▶ WHAT THE TASK ASKS: Copy exactly, no pictures: every line from the one that contains "движения – достойны" through the end of the entries below.

[Records from a data source]
__________
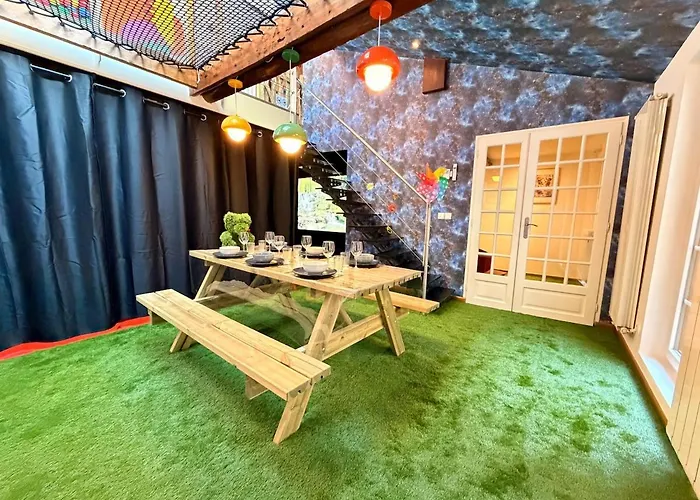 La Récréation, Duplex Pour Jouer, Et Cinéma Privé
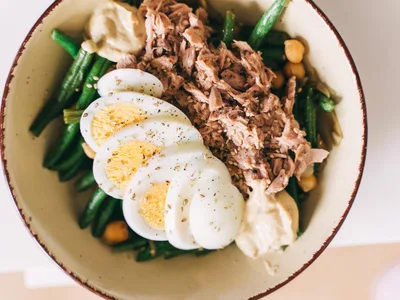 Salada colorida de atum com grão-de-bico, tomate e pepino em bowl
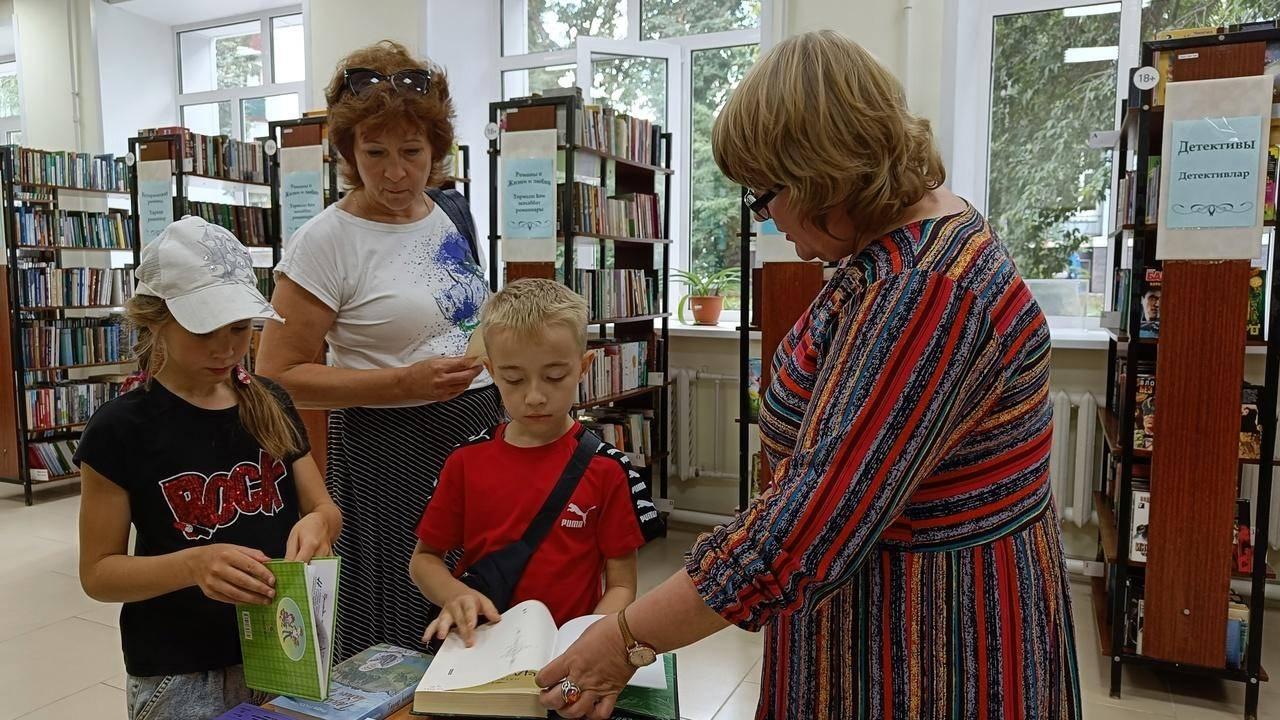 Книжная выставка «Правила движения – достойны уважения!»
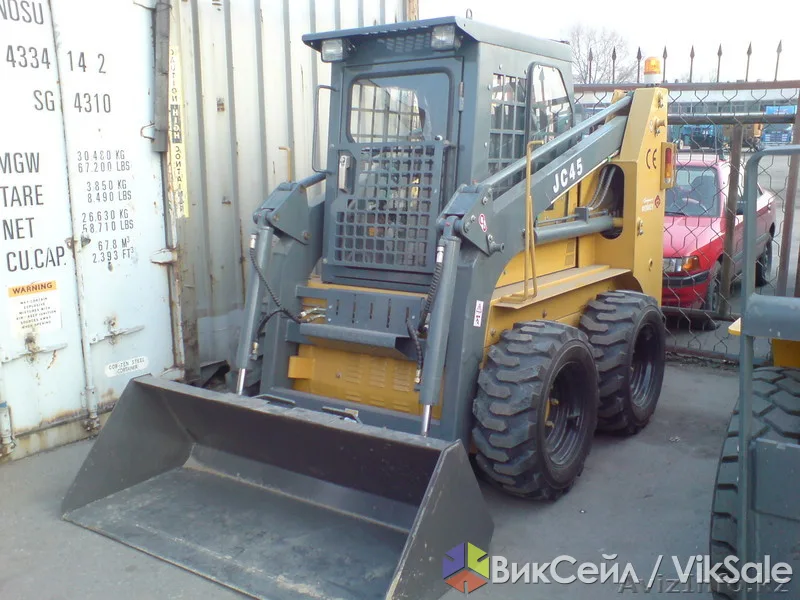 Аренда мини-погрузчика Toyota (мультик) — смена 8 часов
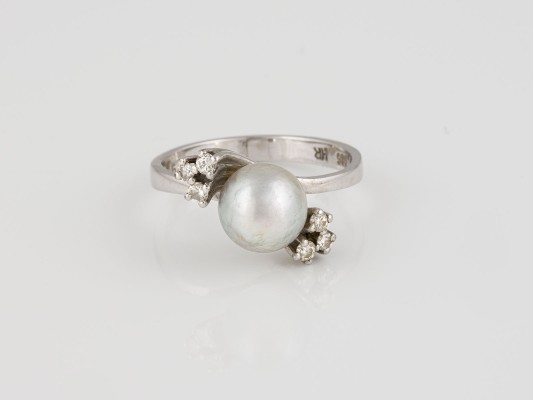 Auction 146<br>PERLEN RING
__________
▶ WRITTEN ANSWER:
 Книжная выставка «Правила движения – достойны уважения!»
 Аренда мини-погрузчика Toyota (мультик) — смена 8 часов
 Auction 146<br>PERLEN RING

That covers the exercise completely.